*Task statement*. The expected output is the full set of entries, printed exactly, without pictures.
=== Section Start ===
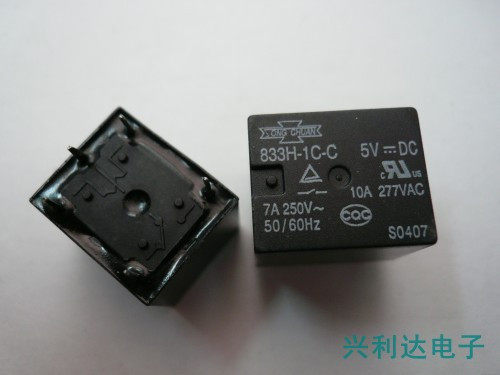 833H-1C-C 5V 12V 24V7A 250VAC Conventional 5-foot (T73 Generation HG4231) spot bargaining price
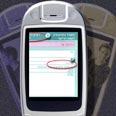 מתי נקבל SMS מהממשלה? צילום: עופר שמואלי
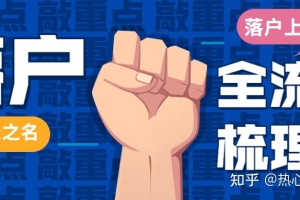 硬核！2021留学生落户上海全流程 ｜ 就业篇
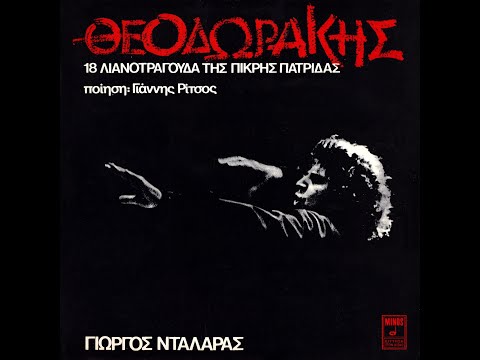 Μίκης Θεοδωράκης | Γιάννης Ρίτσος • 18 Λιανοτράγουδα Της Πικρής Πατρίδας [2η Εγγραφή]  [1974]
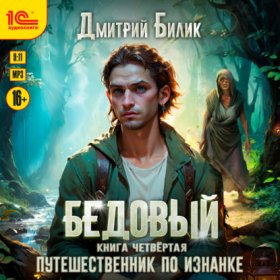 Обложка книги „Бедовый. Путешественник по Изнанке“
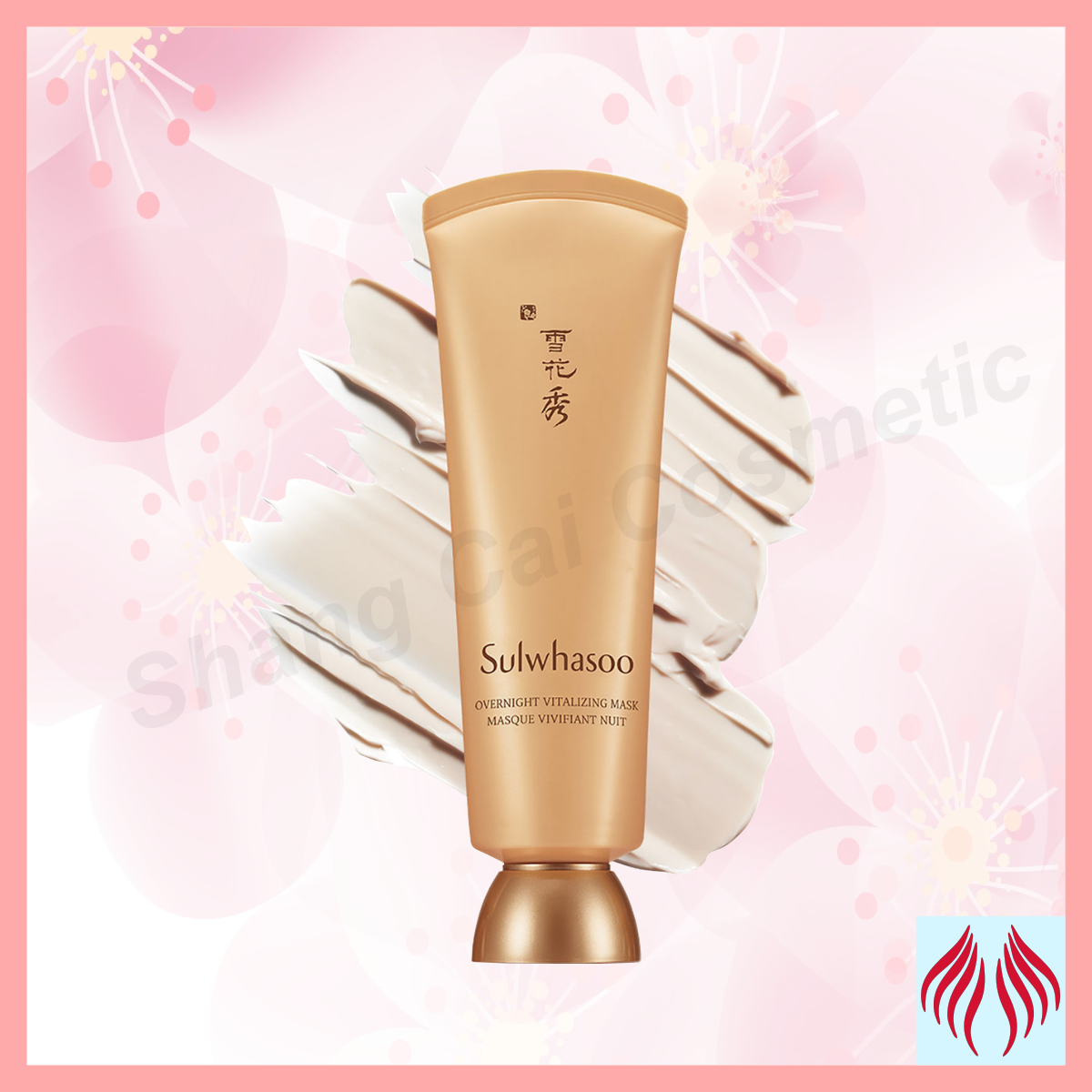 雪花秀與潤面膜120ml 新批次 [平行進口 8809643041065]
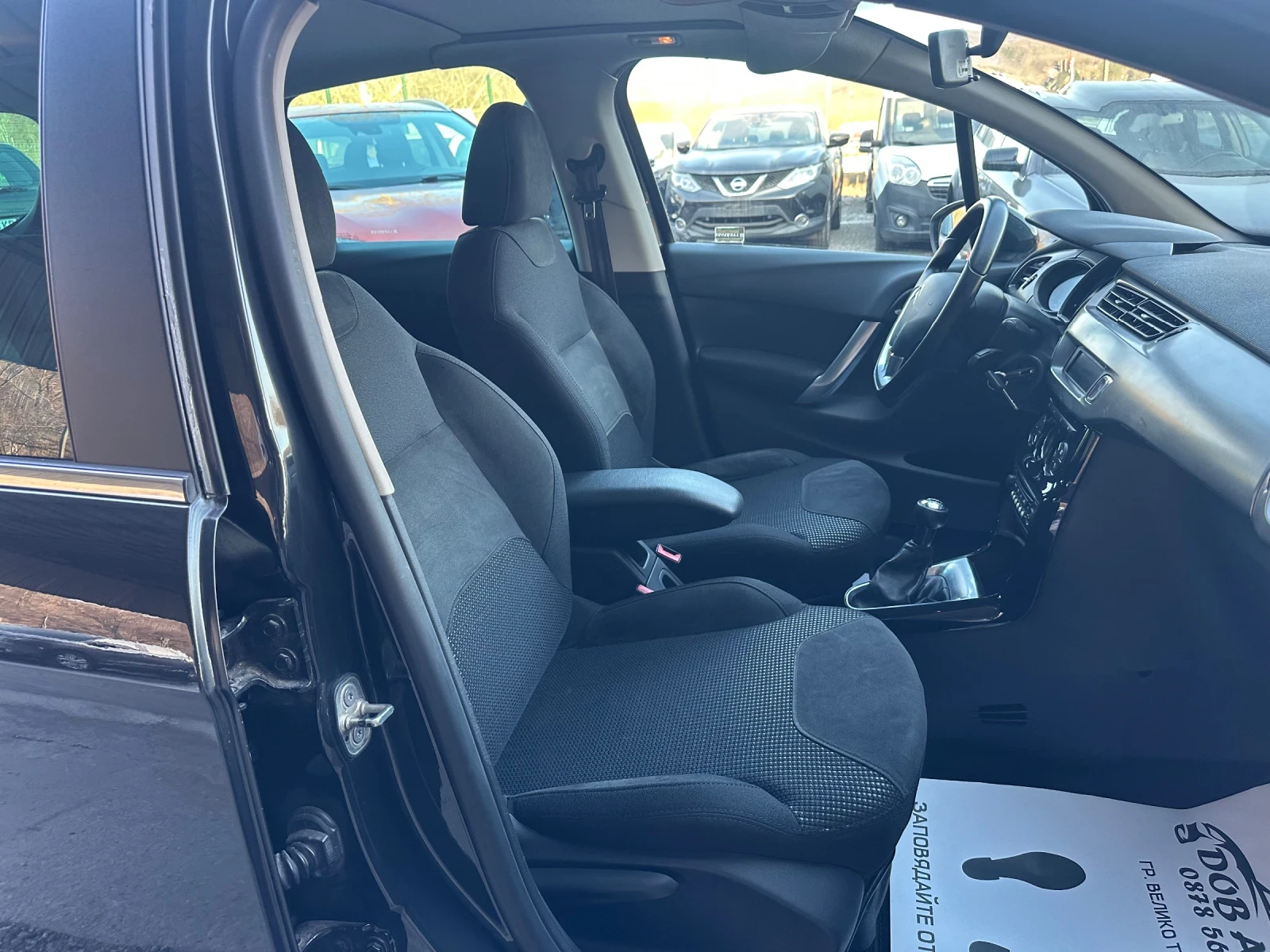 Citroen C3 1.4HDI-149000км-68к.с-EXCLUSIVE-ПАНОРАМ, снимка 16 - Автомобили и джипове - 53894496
=== Section End ===
*Output below*.
 833H-1C-C 5V 12V 24V7A 250VAC Conventional 5-foot (T73 Generation HG4231) spot bargaining price
 מתי נקבל SMS מהממשלה? צילום: עופר שמואלי
 硬核！2021留学生落户上海全流程 ｜ 就业篇
 Μίκης Θεοδωράκης | Γιάννης Ρίτσος • 18 Λιανοτράγουδα Της Πικρής Πατρίδας [2η Εγγραφή]  [1974]
 Обложка книги „Бедовый. Путешественник по Изнанке“
 雪花秀與潤面膜120ml 新批次 [平行進口 8809643041065]
 Citroen C3 1.4HDI-149000км-68к.с-EXCLUSIVE-ПАНОРАМ, снимка 16 - Автомобили и джипове - 53894496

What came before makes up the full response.